Was ist ein guter Burger?
10. Februar 2018

Der Hype um den Burger hält im Norden weiter an. Die großen amerikanischen Ketten verkaufen ihn immer noch reichlich, obschon sie nun den heißen Atem der Konkurrenz spüren allerorten. Kleinere, aufstrebende Ketten wie „Peter Pane“ oder „Hans im Glück“ kratzen am Marktanteil der Konzerne ebenso wie eine Fülle von Einzelprojekten im ganzen Land.

Neben einer Armee von Imbiss-artigen Betrieben, die vollmundig auch gerne mal den „besten Burger der Stadt“ für sich reklamieren, trotzdem aber frech fertig gepresste billige Tiefkühl-Hack-Patties und Industrie-Brötchen verwenden, sind auch sehr hochwertige, regional und handwerklich arbeitende im Rennen. In Heide zum Beispiel sei der „Marktpirat“, bei Schleswig die „Wikingerschänke“, das „Markmanns“ in Westerrönfeld oder „The Bird“ in Hamburg genannt. Zum Glück ließe sich diese Liste inzwischen fortsetzen. Über einen besonders auffälligen Betrieb in der Landeshauptstadt und seine Konkurrenz sei hier geschrieben und dabei die Grundsatzfrage gestellt: Was ist ein guter Burger?

©Johns Burger

John´s Burgers, Kiel

GEOMAR, das Zentrum für Ozeanforschung, ist eines der bekanntesten Aushängeschilder Kiels.

Seit einigen Jahren nun profitiert auch das Burger-hungrige Publikum in ganz unerwarteter Weise vom international angesehenen Institut. Ein dort damals beschäftigter wissenschaftlicher Mitarbeiter, John Rapaglia, seinerseits junger Professor aus den Vereinigten Staaten, war entsetzt, was ihm hier in Kiel, wenn überhaupt, als „Burger“ vorgesetzt wurde. Mehr aus Spaß zuerst und nur in Kurzzeit-Projekten auf der Kieler Woche wurde „John´s Burger Box“ langsam zum Kult. Aus Spaß wurde Ernst und nun kann man bereits seit 2 Jahren in der Gutenbergstraße das verspeisen, was sich John unter einem guten Burger vorstellt. Seit Anfang Februar 2018 ist hier sogar schon das erste Mal grundrenoviert, was Rückschlüsse auf die Fluktuation dort durchaus zulässt. Und seit Dezember 2017 gibt es auch noch eine kleine „Dépendance“ direkt am Blücherplatz und ein cooler Food Truck steht ebenso unter des Professors Vornamen an ausgewählten Stellen dieser Stadt.

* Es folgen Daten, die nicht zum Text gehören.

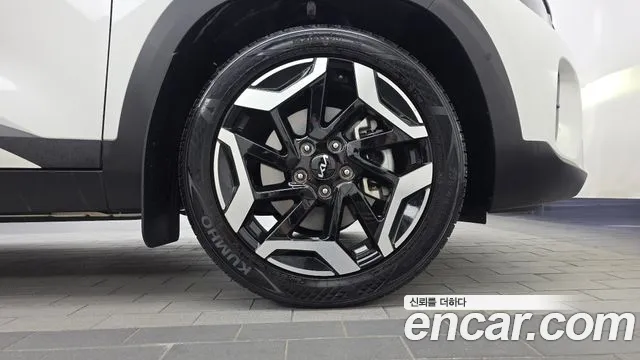 Kia Seltos Seltos (New) — Фото автомобиля 21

Was John hier auf den Teller bzw. eher „aufs Papier“ in einem kleinen Körbchen bringt, wird einen völlig ungeübten bzw. nur McDonalds-trainierten Burger-Esser überraschen, wenn nicht sogar überfordern. Es ist nicht das bekannte samtweiche Luftbrötchen mit etwas Gurke, Zwiebel, Ketchup, Industriekäse und 1-2 Scheiben knüppelhartem Rinderhack. Aber eben auch kein sorgsam hoch geschichtetes, künstlerisches Gebilde aus diversem knackigem Salat, mehreren Saucen in unterschiedlichen Farben wie in manch anderen Burger-Schmieden . Kein „cooler Pieker“ hält hier alles zusammen, keine schicken Saucenkleckse auf dem Tellerrand lenken ab, hier überzeugt einfach und allein das reine Material!

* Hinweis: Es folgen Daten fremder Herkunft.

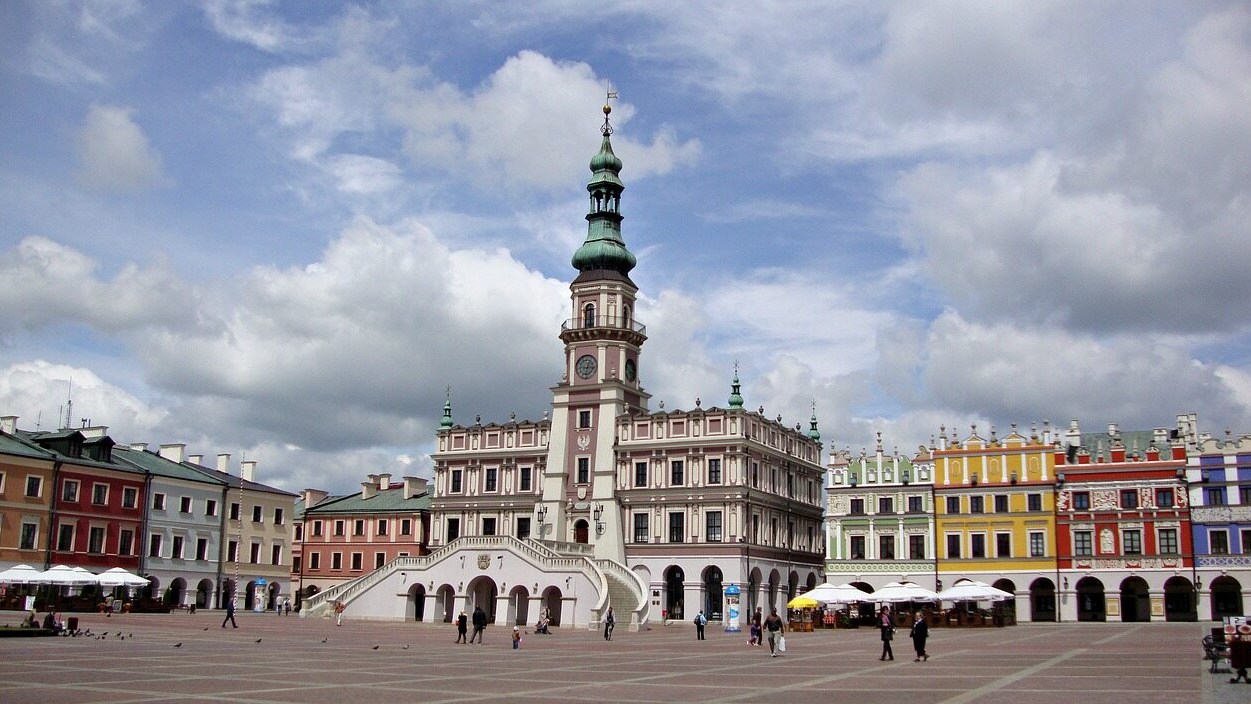 Zamość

Man könnte hier denken, das leckere Brötchen („Bun“ sagt der Insider) vom Handwerksbäcker Lyck wäre eigentlich nur dazu da, das saftige Hack mit beiden Fäusten festzuhalten, auf dass es denn gelingen möge, es ohne Besteck zu verzehren, so unauffällig ist es um das auf Lavafeuer gegrillte Fleisch gelegt. Selbst die weiteren Zutaten machen keinerlei Aufhebens um sich, halten sich im Hintergrund. Guter Holsteiner Käse ist es, etwas Zwiebel, ein klitzekleines Salatblättchen, das wars dann schon, aber inmitten natürlich … ein höchst veritabler, medium gegrillter Hackfleischfladen. Bei „John´s“ entweder als Mixtur von Rind und Schwein von einem angesehenen Metzger oder das pure Vergnügen mit Bio-Angus von den Hüttener Bergen.

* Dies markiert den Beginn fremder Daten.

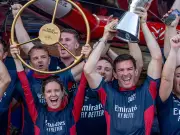 Hannah Mills: SailGP Paving Way for Gender Equity in Sailing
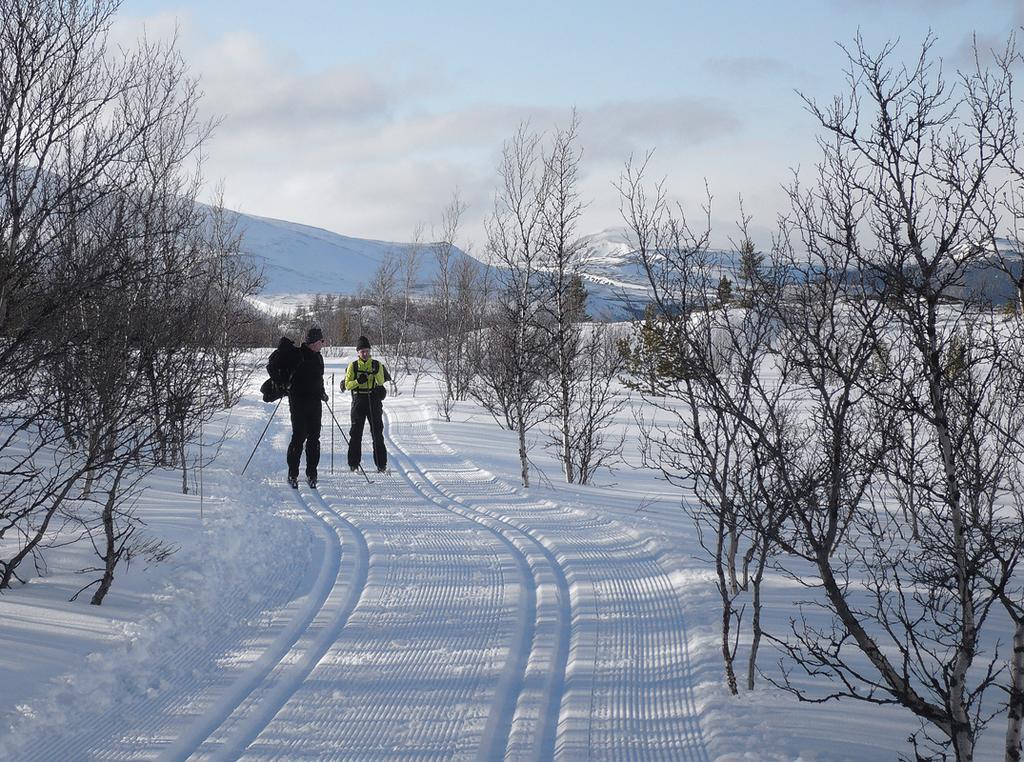 Putten Seter Høvringen Екстериор снимка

Man kann einfach nicht mehr anhalten bei McDonalds oder BurgerKing, wenn man das hier probiert und sich drauf eingelassen hat. Bei John sagen sie „hence you will have burger juice dribbling down your chin…“

Aber über Geschmack lässt sich bekanntlich trefflich streiten bzw. eben gar nicht. Es gibt auch Stimmen, denen gefällt gerade diese reine, simple, auf die Produktqualität reduzierte Version Burger gar nicht. Die stehen auf mehr Kreativität, Farben, Geschmacks-Varianten usw. Und auch diese Leute werden in Kiel inzwischen fündig. „Peter Pane“ ist ein gutes Beispiel. Sehr saftige verschiedene Arten Brötchen zur Wahl, diverse Fleisch-Versionen von „normalem“ Beef über „highland“ und „dry age“ bis hin zum „Wagyu“ sogar. Und die Möglichkeiten, sich hier mit Gemüsen, Pilzen, Dips und unterschiedlichen Käsesorten auszutoben, würden diesen Artikel sprengen. Es ist wirklich ganz weit über McDonalds-Niveau , sehr sorgfältig zu Teller gebracht, es sieht klasse aus, was hier aus der Küche kommt. Und wenn Du eben NICHT dogmatisch auf zartrosa gegrilltes Fleisch stehst und den nur dann

möglichen Effekt beim Reinbeissen, wird es Dir gut gefallen hier. Sie können aus logistischen Gründen kein täglich frisches Hack verwenden , nehmen daher sehr hochwertige, aber eben tiefgekühlte „Patties“.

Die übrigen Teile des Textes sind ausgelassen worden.